Figure 3.2 A neonate with a Pierre Robin sequence; the tongue has fallen backwards and downwards; it is now behind the cleft (arrows) and obstructs the airway.
Summary and Recommendations
This case of a ‘cannot intubate, cannot ventilate’ situation emphasizes the importance of being familiar with relevant algorithms.
Fibreoptic intubation via an LMA is a standard technique in paediatric anaesthesia which should be taught and practised.
Every guideline has room for some variation. It is like a recipe, which is usually followed, but from which the cook can deviate if the situation justifies it.
References
Case
A 5-month-old girl, weighing 4.8 kg, was scheduled for oesophageal dilatation under general anaesthesia. Previously, a long gap oesophageal atresia had been repaired elsewhere. There was a functioning gastrostomy. Endotracheal intubation was reported to be difficult.
After premedication with atropine 30 µg/kg via gastrostomy to reduce the abundant oral secretions, anaesthesia was induced by mask. The child was paralysed with mivacurium 0.2 mg/kg, ventilated with the anaesthesia machine, and successfully intubated with a cuffed size 3.0 endotracheal tube (ETT) using fibreoptic guidance and the Frei endoscopy mask. Oesophageal dilatation was begun with a size 14F dilator and increased stepwise. After insertion of a size 22F dilator, ventilation suddenly became impossible even with a peak pressure of 20 cmH2O. When the dilator was removed, expiratory CO2 immediately reappeared (Fig. 3.3).

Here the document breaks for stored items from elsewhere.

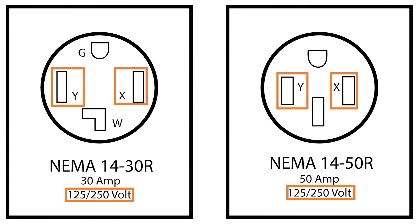Keeping the differences in appearance in mind, you'll be able to select the correct adapter or extension cord for your needs.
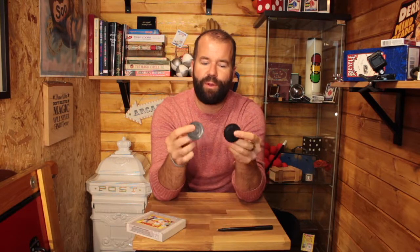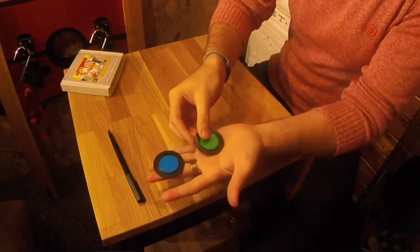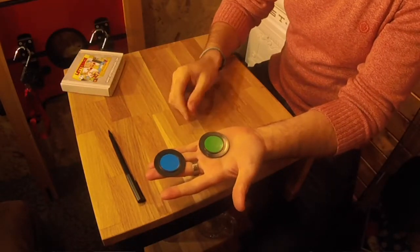I'm gonna show you a really cool little trick with a blue and a green poker chip. Let's go for the top-down version so you can see on the side camera here. I do this up close and personal with people.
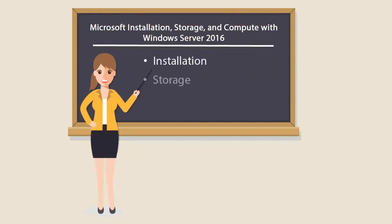The exam covers Installation, Storage and Compute features and functionality available in Windows Server 2016.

Obviously, despite correct position of the ETT, the presence of a large foreign body in the oesophagus led to a complete obstruction of the tracheal lumen.
Discussion
This case illustrates a typical ‘can intubate, cannot ventilate’ situation, where the ETT is in place but ventilation is still not possible. In this case, the experienced team immediately realized that the large dilator in the oesophagus caused the complete obstruction of the trachea, which was immediately reversed when the instrument was taken out. Airway obstruction is a typical complication of oesophageal dilatation (Gercek et al. 2007) or of transoesophageal echocardiography in infants when large devices are used (Andropoulos et al. 2000). In preterm babies weighing less than 800 g, even a 9F oesophageal stethoscope can completely impede ventilation. The author has also seen severe airway obstruction in a toddler when a piece of apple got stuck in the oesophagus.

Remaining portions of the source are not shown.